Short descriptive text snippets:
★ ★ ★

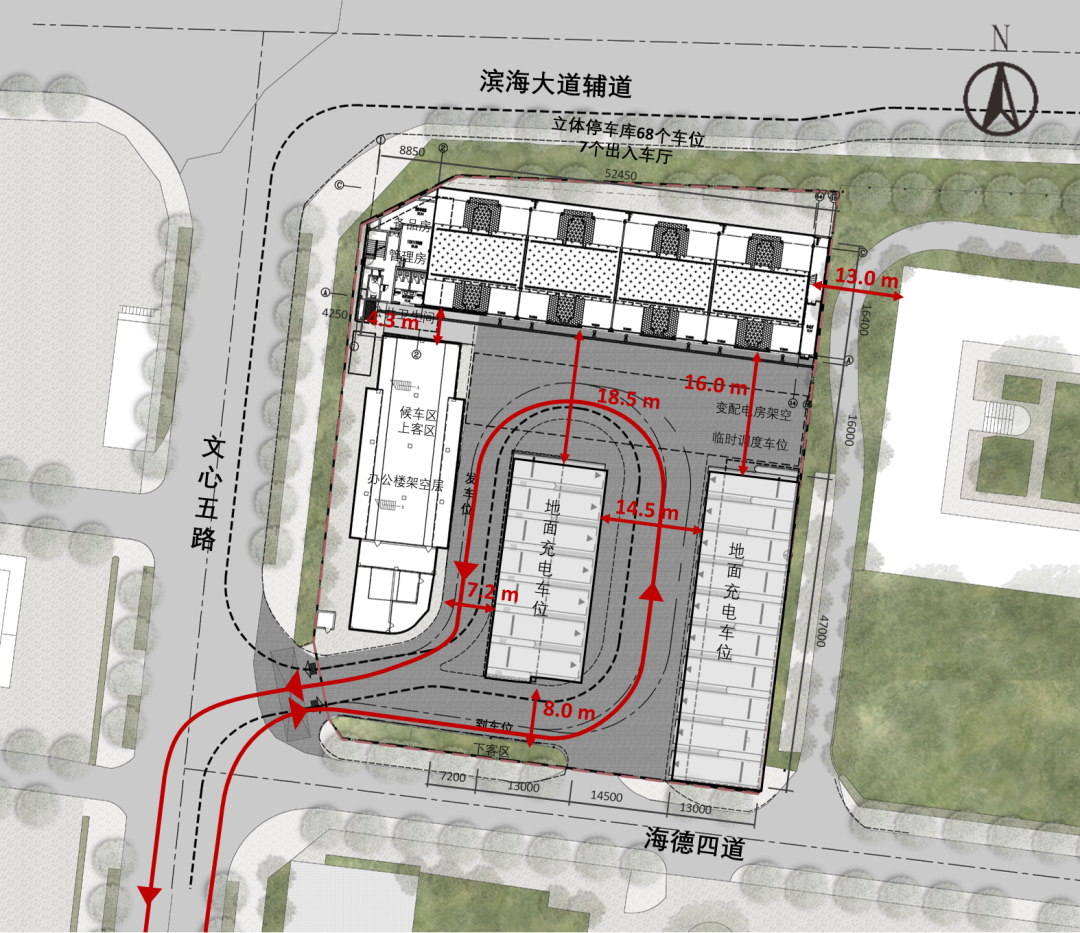 深圳市南山中心区立体公交车库正式投入使用 / MENG孟建民本原设计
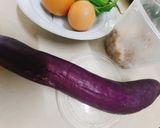 Hình bước làm 1 của món Trứng chiên cà tím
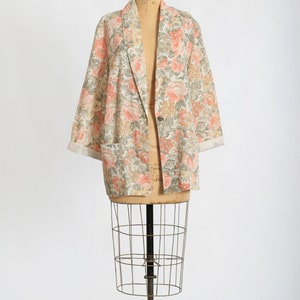 Vintage 90s oversized floral blazer image 2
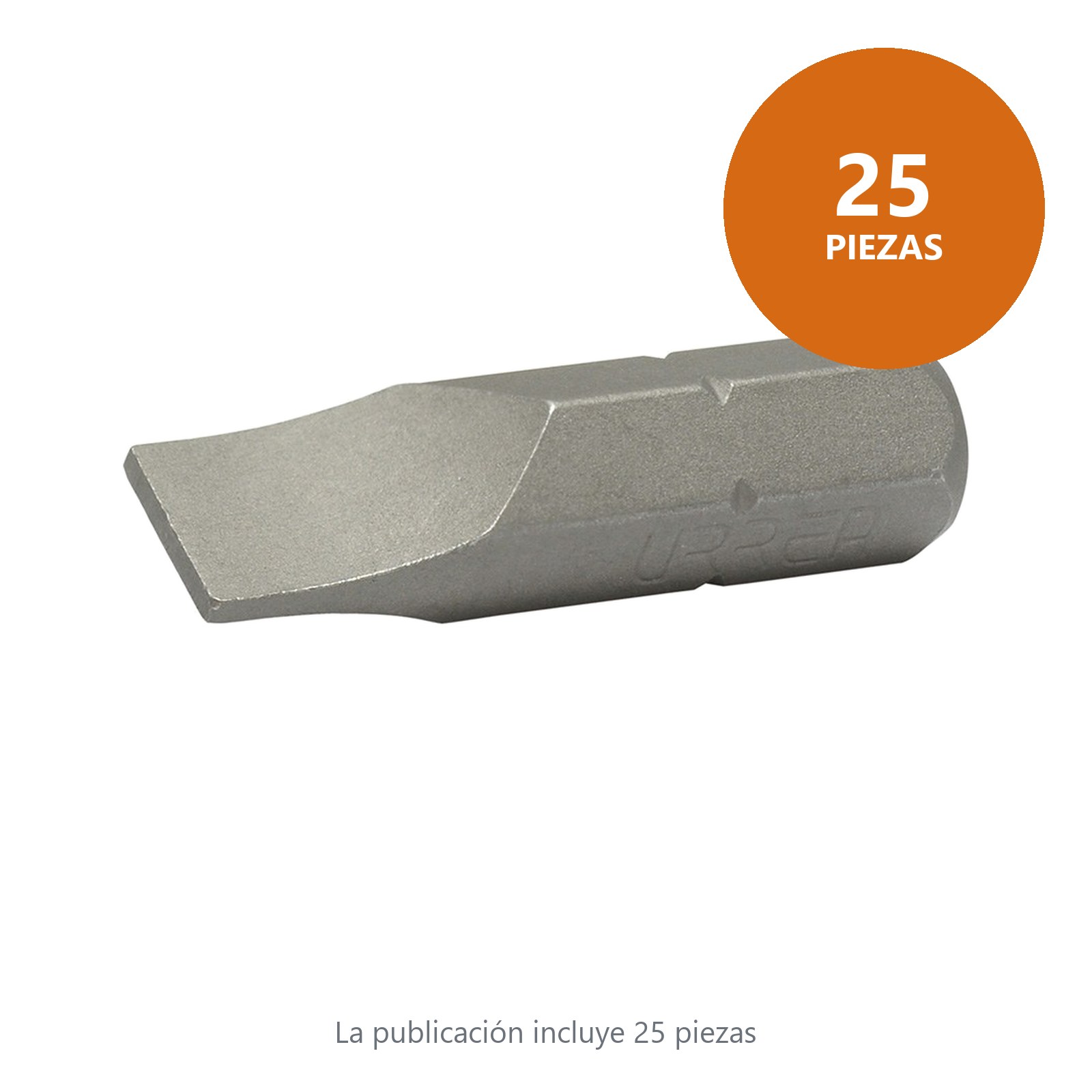 Punta plana hexágono de 1/4", 9/32" x 1" Urrea - Imagen 2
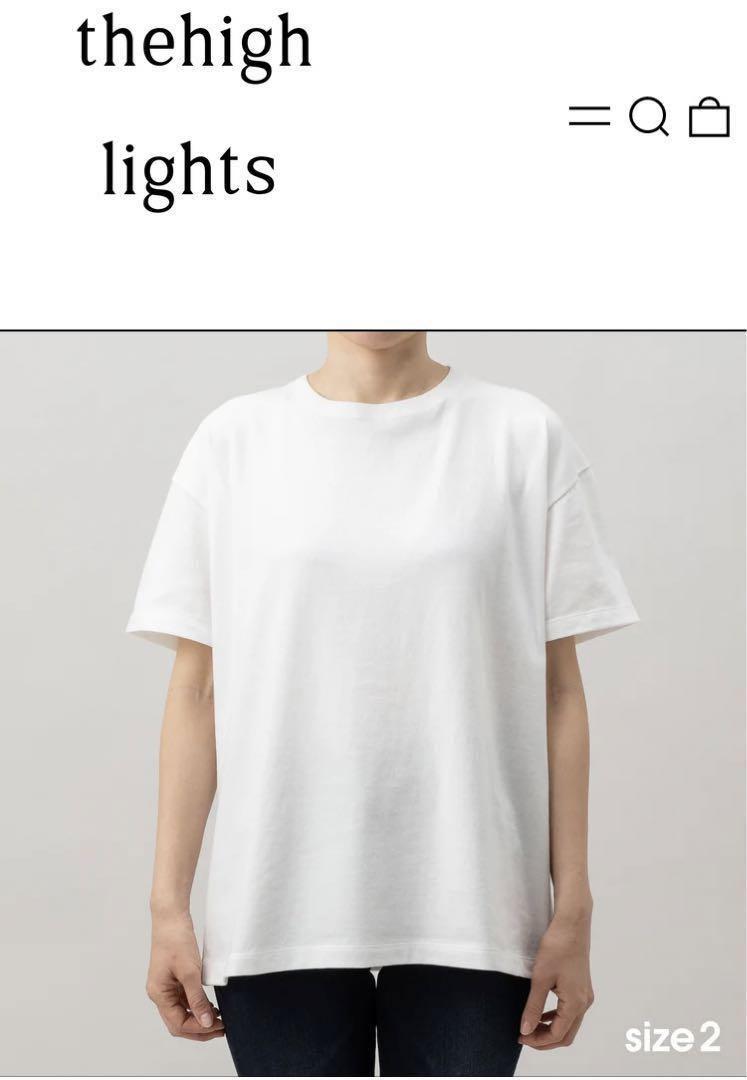 thehigh lights 2pack tee white 1枚 サイズ2
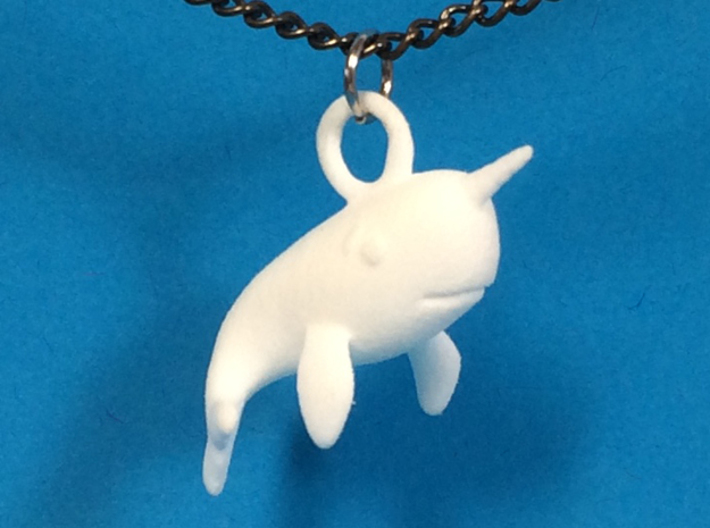 Narwhal Necklace Pendant 3d printed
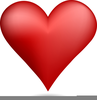 Red Hearts Clipart Image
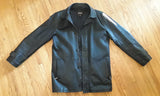 Hand Painted Leather Jacket, the Bear & the Turtle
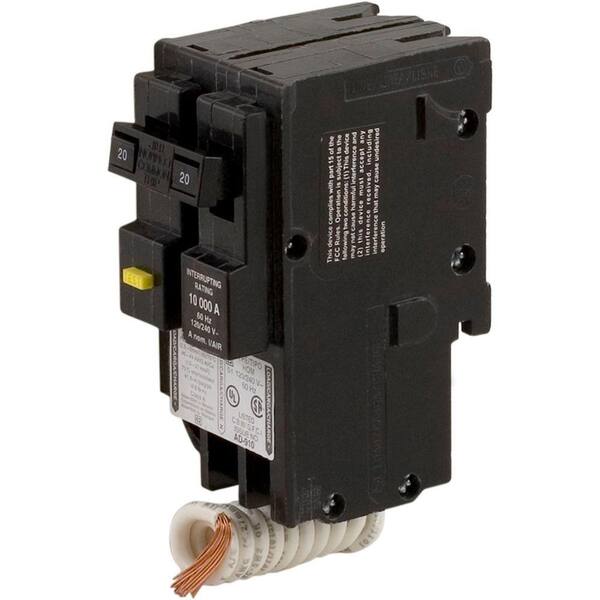 Square D Homeline 40-amp 2-Pole Gfci Circuit Breaker In The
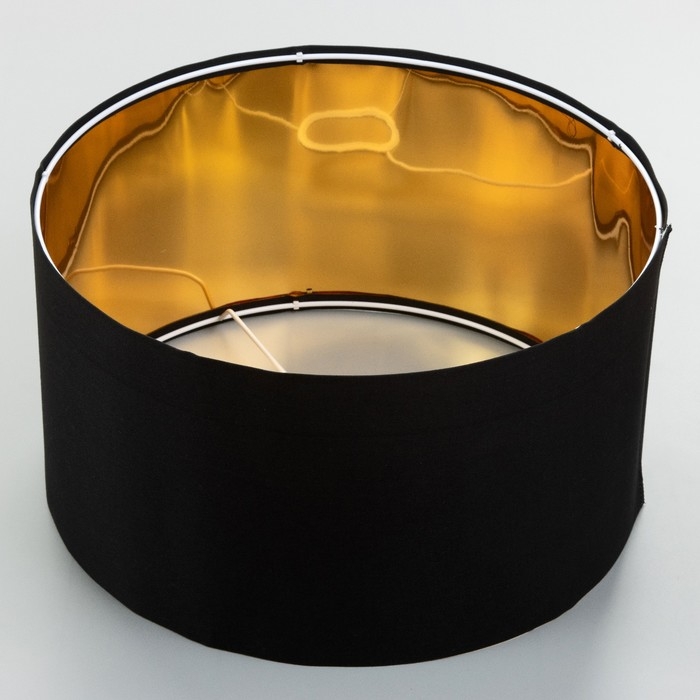 Абажур для торшера Абажур для торшера "Классика" Е27 черный золото 40х40х22см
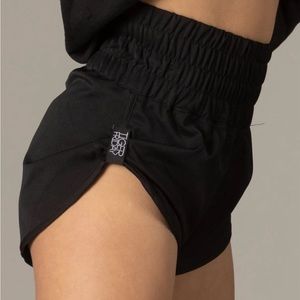 Tiger Friday Dancewear black boxy shorts - adult xs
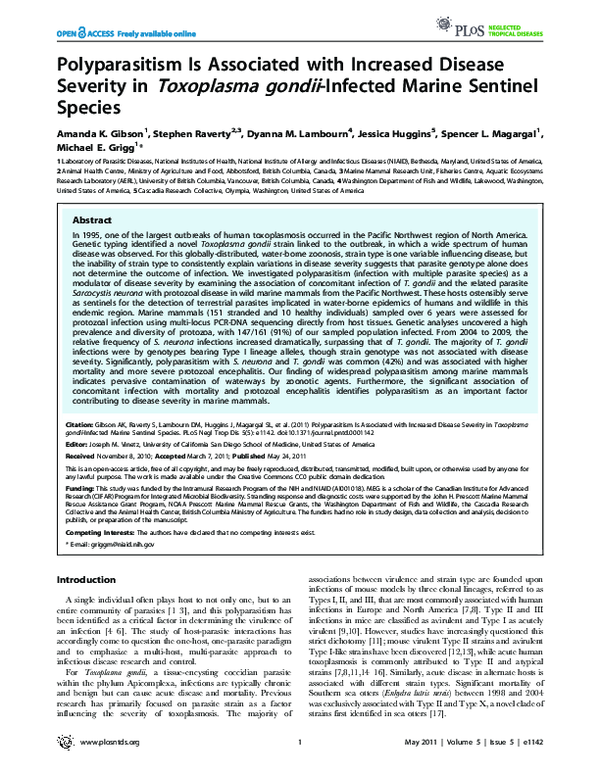 (PDF) Polyparasitism Is Associated with Increased Disease Severity in ...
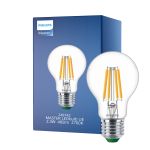 Philips MASTER LED Bulbo Ultra Efficient E27 Pera Chiara 2.3W 485lm - 827 Bianco Molto Caldo | Sostitutiva 40W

★ ★ ★

What needs to be done:
Reproduce the data word for word without its images.

Solution for this problem:
 深圳市南山中心区立体公交车库正式投入使用 / MENG孟建民本原设计
 Hình bước làm 1 của món Trứng chiên cà tím
 Vintage 90s oversized floral blazer image 2
 Punta plana hexágono de 1/4", 9/32" x 1" Urrea - Imagen 2
 thehigh lights 2pack tee white 1枚 サイズ2
 Narwhal Necklace Pendant 3d printed
 Red Hearts Clipart Image
 Hand Painted Leather Jacket, the Bear & the Turtle
 Square D Homeline 40-amp 2-Pole Gfci Circuit Breaker In The
 Абажур для торшера Абажур для торшера "Классика" Е27 черный золото 40х40х22см
 Tiger Friday Dancewear black boxy shorts - adult xs
 (PDF) Polyparasitism Is Associated with Increased Disease Severity in ...
 Philips MASTER LED Bulbo Ultra Efficient E27 Pera Chiara 2.3W 485lm - 827 Bianco Molto Caldo | Sostitutiva 40W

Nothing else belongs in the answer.